Een man doet een aanvraag voor schadevergoeding voor zijn pand bij het Instituut Mijnbouwschade Groningen. De vergoeding die hij vervolgens krijgt toegewezen is naar zijn idee te laag. Hij maakt bezwaar. Volgens het Instituut was dat te laat.
Het Instituut kende de man met een besluit van 30 maart 2022 en schadevergoeding toe. De man verzond een bezwaarschrift tegen dat besluit per normale post binnen de bezwaartermijn, op 22 april 2022. Het Instituut ontving het bezwaarschrift echter pas voor het eerst op 8 maart 2023. Omdat dit buiten de bezwaartermijn was, verklaart het Instituut het bezwaar niet-ontvankelijk.
Aannemelijk
Op basis van de wet is een bezwaarschrift bij verzending per post op tijd ingediend als het voor het einde van de termijn op de post is gedaan en het niet later dan een week na afloop van de termijn is ontvangen.

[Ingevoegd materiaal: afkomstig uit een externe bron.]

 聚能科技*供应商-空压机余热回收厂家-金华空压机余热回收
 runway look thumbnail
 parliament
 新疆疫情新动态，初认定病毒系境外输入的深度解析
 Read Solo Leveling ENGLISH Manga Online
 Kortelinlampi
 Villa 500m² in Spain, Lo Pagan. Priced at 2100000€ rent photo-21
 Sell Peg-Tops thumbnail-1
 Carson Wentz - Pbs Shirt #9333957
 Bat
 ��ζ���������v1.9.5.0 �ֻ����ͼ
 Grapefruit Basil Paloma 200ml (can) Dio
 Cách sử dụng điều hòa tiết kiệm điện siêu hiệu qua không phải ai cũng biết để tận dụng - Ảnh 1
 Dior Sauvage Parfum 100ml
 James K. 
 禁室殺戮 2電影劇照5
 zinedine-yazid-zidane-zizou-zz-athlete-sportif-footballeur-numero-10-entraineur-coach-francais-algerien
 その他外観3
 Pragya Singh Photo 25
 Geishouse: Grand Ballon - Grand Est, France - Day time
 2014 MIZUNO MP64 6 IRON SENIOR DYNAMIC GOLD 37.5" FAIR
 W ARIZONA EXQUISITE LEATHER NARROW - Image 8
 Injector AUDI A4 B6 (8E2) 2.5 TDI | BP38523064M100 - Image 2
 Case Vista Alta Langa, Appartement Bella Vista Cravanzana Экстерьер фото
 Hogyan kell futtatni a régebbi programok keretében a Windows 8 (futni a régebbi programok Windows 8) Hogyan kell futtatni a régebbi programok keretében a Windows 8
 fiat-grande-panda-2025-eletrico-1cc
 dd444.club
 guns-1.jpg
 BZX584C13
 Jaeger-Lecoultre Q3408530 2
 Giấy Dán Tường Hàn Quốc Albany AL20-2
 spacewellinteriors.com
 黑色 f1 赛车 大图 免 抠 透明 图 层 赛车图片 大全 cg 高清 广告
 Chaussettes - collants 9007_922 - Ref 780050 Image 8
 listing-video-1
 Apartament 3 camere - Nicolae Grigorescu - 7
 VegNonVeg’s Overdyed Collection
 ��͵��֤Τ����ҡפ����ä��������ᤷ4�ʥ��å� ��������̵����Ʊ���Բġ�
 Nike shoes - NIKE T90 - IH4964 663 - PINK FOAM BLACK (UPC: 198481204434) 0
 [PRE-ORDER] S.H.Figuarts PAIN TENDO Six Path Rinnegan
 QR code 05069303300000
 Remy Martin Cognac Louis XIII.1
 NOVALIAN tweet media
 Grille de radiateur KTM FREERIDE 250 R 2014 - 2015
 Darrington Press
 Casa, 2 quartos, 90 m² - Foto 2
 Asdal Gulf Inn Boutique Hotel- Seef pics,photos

De bezwaarmaker moet aannemelijk maken dat het bezwaar tijdig op de post is gedaan.
Verzendadministratie
De man verklaart dat uit de verzendadministratie van zijn gemachtigde blijkt dat het bezwaar op 22 april 2022 per post is verzonden. De gemachtigde heeft dit ter zitting mondeling bevestigd. De rechtbank vindt dit onvoldoende. Het Instituut heeft de man verschillende keren gevraagd om een screenshot van de verzendadministratie van de gemachtigde, maar deze niet gekregen. Het bezwaarschrift is ook niet terug te vinden in het online dossier van de gemachtigde en de verklaring van de gemachtigde is niet eerder dan ter zitting naar voren gekomen. Ook is niet gebleken dat – toen een ontvangstbevestiging van het Instituut uitbleef – binnen de bezwaartermijn nog navraag is gedaan bij het Instituut of het bezwaar op tijd is ontvangen. De rechtbank vindt het daarom niet aannemelijk dat het bezwaarschrift tijdig is ingediend.
Vertrouwensbeginsel
De man vindt echter dat het Instituut bij hem het vertrouwen heeft gewekt dat het bezwaar inhoudelijk zou worden behandeld. Hij verwijst naar verschillende e-mails waarin het Instituut – na maart 2023 – liet weten de verdere inhoudelijke afhandeling van het bezwaar op pauze te zetten in afwachting van nieuw beleid. Volgens de rechtbank mocht de man hieruit echter niet de indruk krijgen dat zijn bezwaar niet langer niet-ontvankelijk zou worden verklaard. Dit blijkt namelijk niet uit deze correspondentie. Het ‘verder inhoudelijk’ behandelen moet naar het oordeel van de rechtbank in deze context worden gelezen als: het ‘van pauze halen’ en ‘verder oppakken’ van de zaak. De man kon nergens gerechtvaardigd uit afleiden dat zijn bezwaar ontvankelijk zou worden verklaard. Het bezwaar van de man kan dus ook op basis van het vertrouwensbeginsel niet ontvankelijk worden verklaard.
700-euro regeling
Tot slot stelt de man nog dat hij een aanbod had moeten krijgen op basis van de 700-euro regeling. Dit is een regeling voor nog niet afgehandelde bezwaren. De bezwaarmakers van deze bezwaren hebben een aanbod gekregen van tenminste € 700 per schade zonder causaliteitstoets. Volgens deze regeling kan alleen een aanbod worden gedaan als een bezwaar ontvankelijk is bevonden. Dat is hier niet het geval, waardoor de rechtbank oordeelt dat het Instituut de man geen aanbod hoeft te doen op basis van deze regeling.